The task |
For the listing below, return the line containing "Зеленый Хендай их35, объемом", the line containing "out the c1🪨⚔️", and all lines in between, exactly as written and nothing else.

Exercise input |
*** Begin section ***

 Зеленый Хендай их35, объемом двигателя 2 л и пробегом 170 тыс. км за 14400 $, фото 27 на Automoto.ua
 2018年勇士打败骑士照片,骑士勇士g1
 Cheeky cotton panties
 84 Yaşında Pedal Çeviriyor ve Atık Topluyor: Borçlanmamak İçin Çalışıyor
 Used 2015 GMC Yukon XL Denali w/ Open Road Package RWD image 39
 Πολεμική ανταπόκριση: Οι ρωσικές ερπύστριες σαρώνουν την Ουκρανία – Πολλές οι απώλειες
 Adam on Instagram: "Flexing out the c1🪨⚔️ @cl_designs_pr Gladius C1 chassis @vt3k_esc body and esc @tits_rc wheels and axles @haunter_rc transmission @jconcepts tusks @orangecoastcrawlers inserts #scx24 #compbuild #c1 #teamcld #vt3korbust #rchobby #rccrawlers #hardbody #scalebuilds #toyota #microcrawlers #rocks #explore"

*** End section ***
*** Begin section ***

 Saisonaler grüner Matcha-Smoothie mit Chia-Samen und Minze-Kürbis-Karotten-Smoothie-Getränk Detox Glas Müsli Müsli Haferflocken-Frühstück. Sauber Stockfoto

*** End section ***

Written response |
 Зеленый Хендай их35, объемом двигателя 2 л и пробегом 170 тыс. км за 14400 $, фото 27 на Automoto.ua
 2018年勇士打败骑士照片,骑士勇士g1
 Cheeky cotton panties
 84 Yaşında Pedal Çeviriyor ve Atık Topluyor: Borçlanmamak İçin Çalışıyor
 Used 2015 GMC Yukon XL Denali w/ Open Road Package RWD image 39
 Πολεμική ανταπόκριση: Οι ρωσικές ερπύστριες σαρώνουν την Ουκρανία – Πολλές οι απώλειες
 Adam on Instagram: "Flexing out the c1🪨⚔️ @cl_designs_pr Gladius C1 chassis @vt3k_esc body and esc @tits_rc wheels and axles @haunter_rc transmission @jconcepts tusks @orangecoastcrawlers inserts #scx24 #compbuild #c1 #teamcld #vt3korbust #rchobby #rccrawlers #hardbody #scalebuilds #toyota #microcrawlers #rocks #explore"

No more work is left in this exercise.